GIVEN DATA |
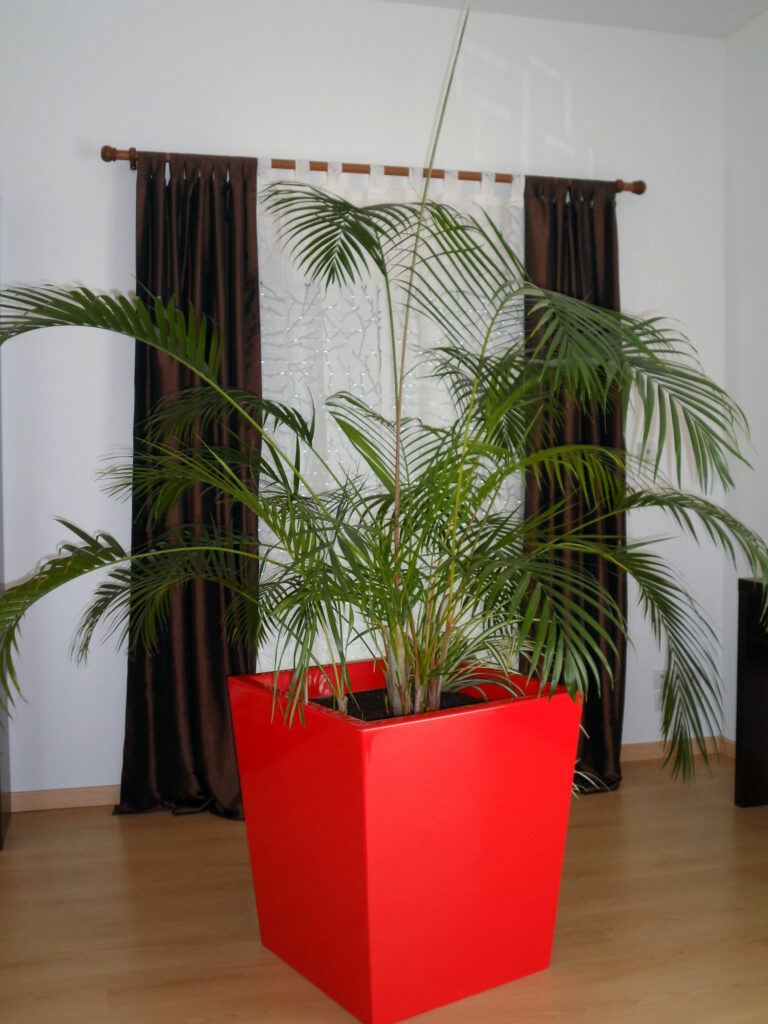 Pots De Fleurs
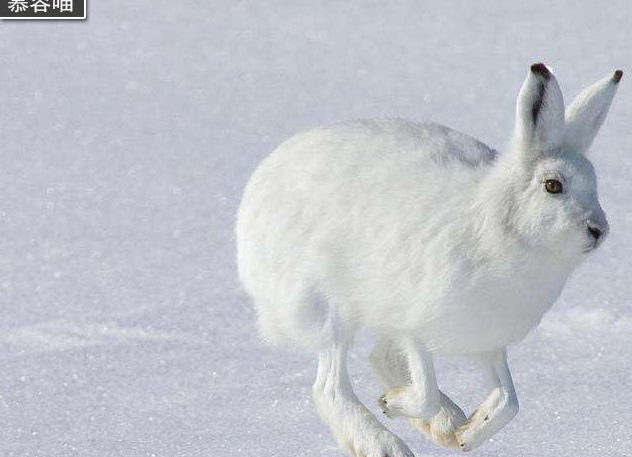 雪兔的亚种,在雪地里它们也能够奔跑,因为它们已经进化出四条"大长腿"
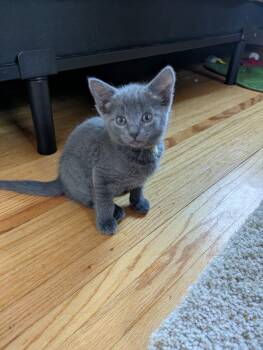 Tiger Cats Available for Adoption in Honeoye, New York - Buttercup | PetCurious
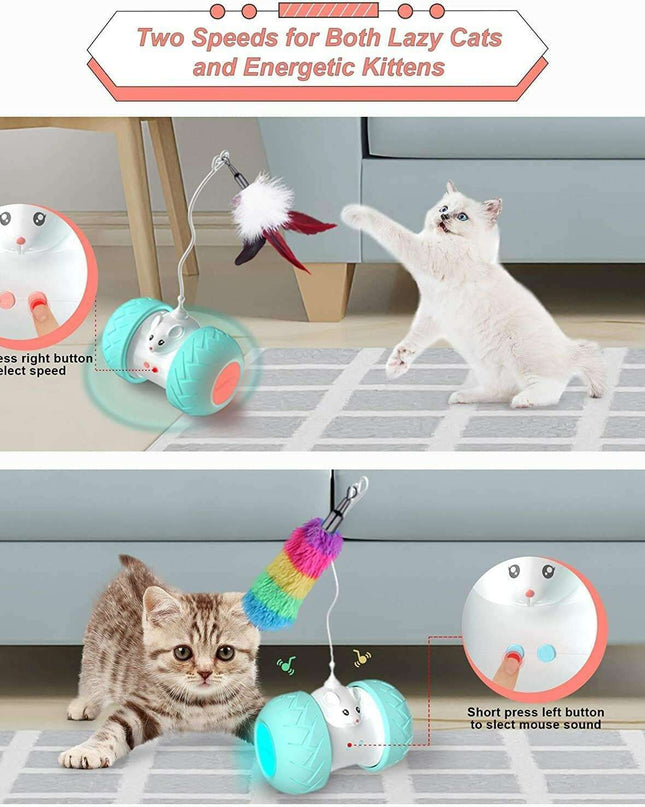 Interactive LED Cat Toy with Feathers and Squeaking Mouse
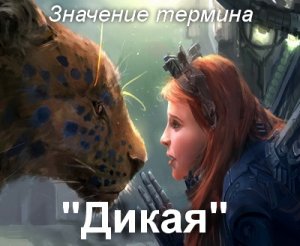 Дикая, Дикий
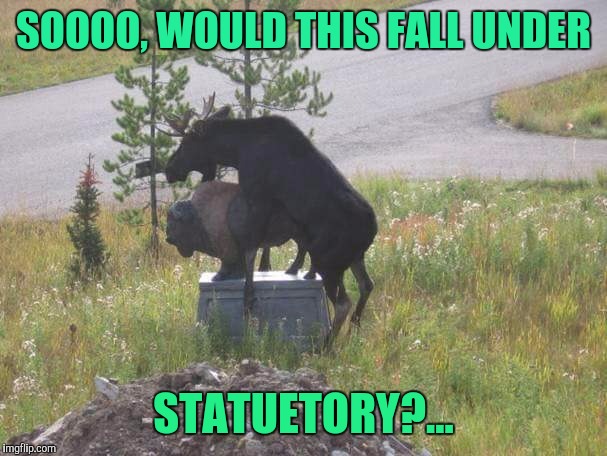 She's nice but cold at heart | SOOOO, WOULD THIS FALL UNDER; STATUETORY?... | image tagged in sewmyeyesshut,funny memes,horney moose | made w/ Imgflip meme maker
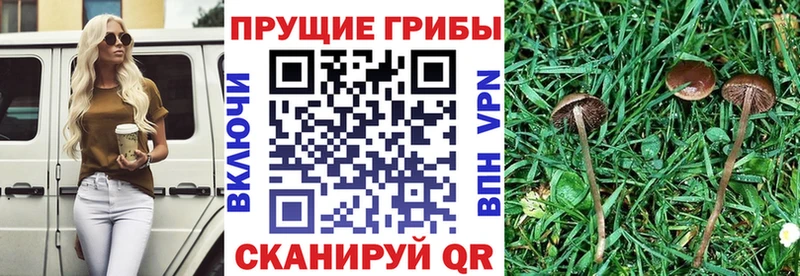 Псилоцибиновые грибы мухоморы  Куйбышев 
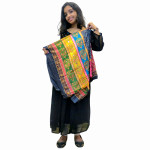 Georgette Yoke Pleated Dress with Glass Work and Pakistani Dupatta Set
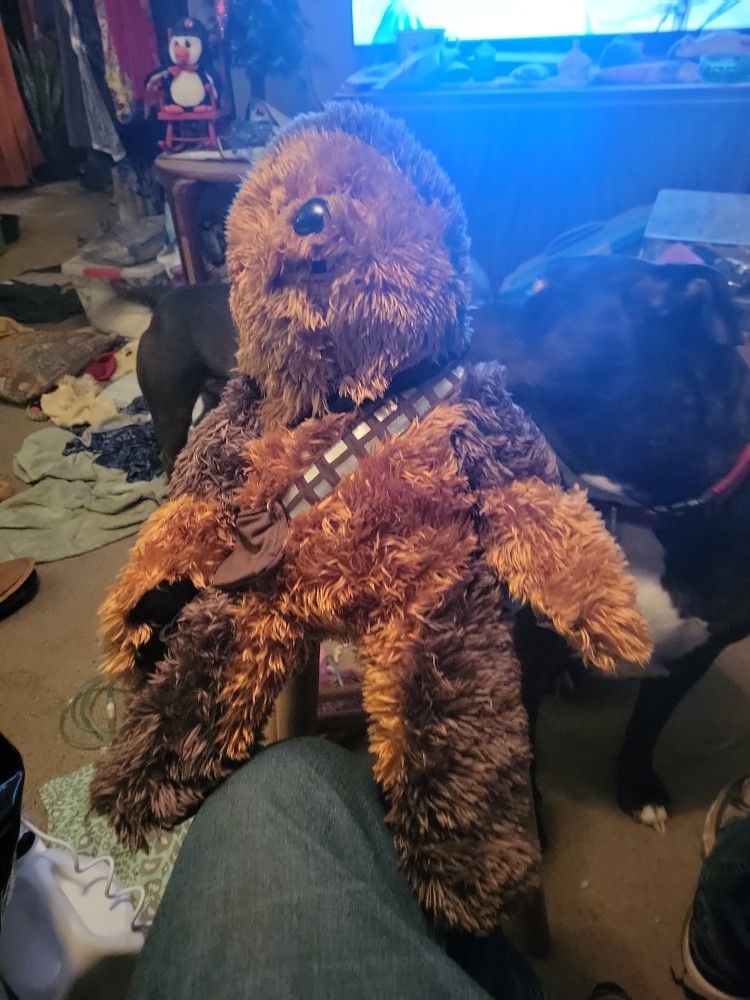 Build A Bear Chewy Starwares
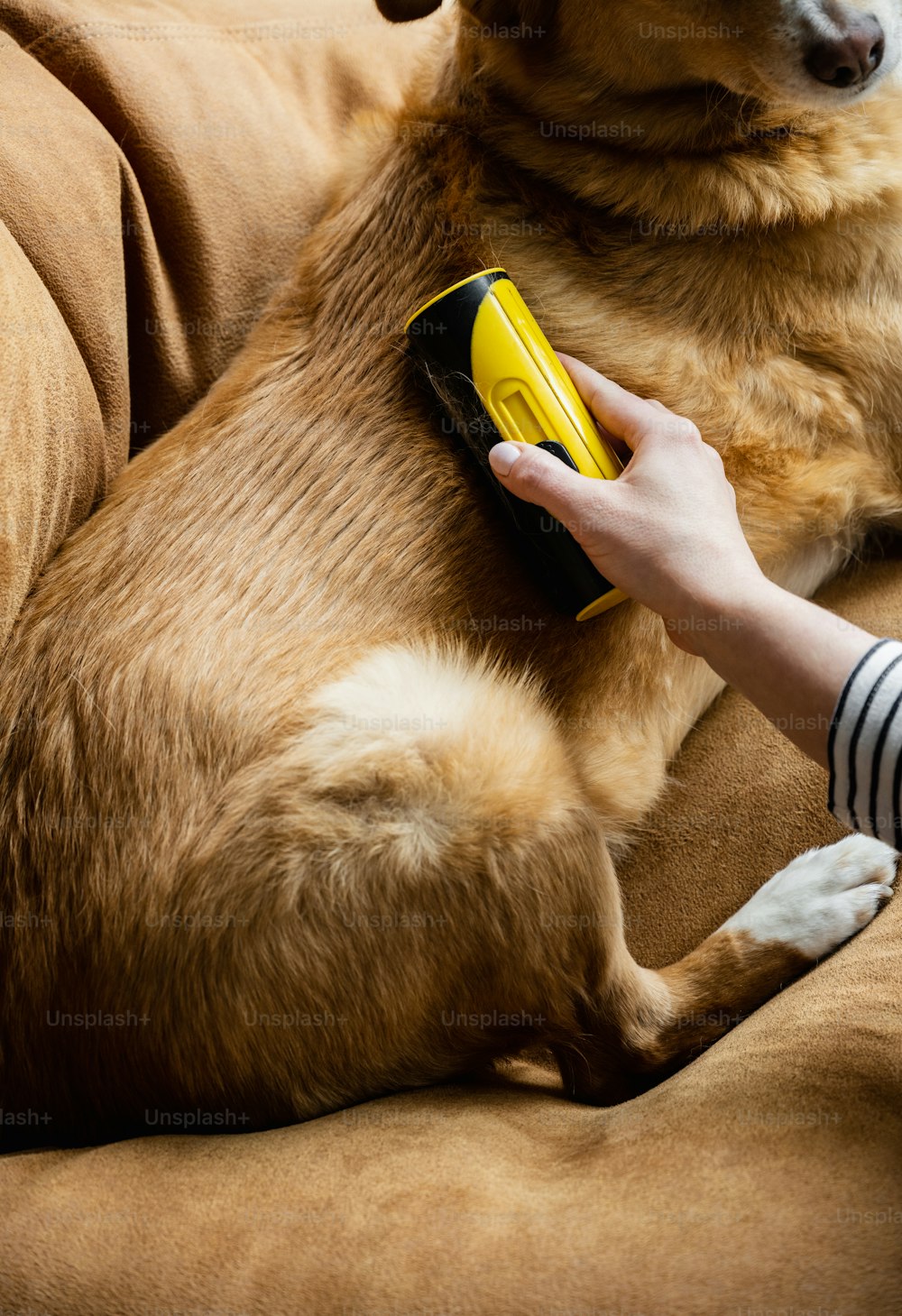 Un cane marrone che giace sopra un divano marrone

WORK REQUEST | All lines from the one containing "She's nice but" through the end of the entries, both ends included, should be written out exactly, with no pictures.

ANSWER FOR THE TASK |
 She's nice but cold at heart | SOOOO, WOULD THIS FALL UNDER; STATUETORY?... | image tagged in sewmyeyesshut,funny memes,horney moose | made w/ Imgflip meme maker
 Псилоцибиновые грибы мухоморы  Куйбышев 
 Georgette Yoke Pleated Dress with Glass Work and Pakistani Dupatta Set
 Build A Bear Chewy Starwares
 Un cane marrone che giace sopra un divano marrone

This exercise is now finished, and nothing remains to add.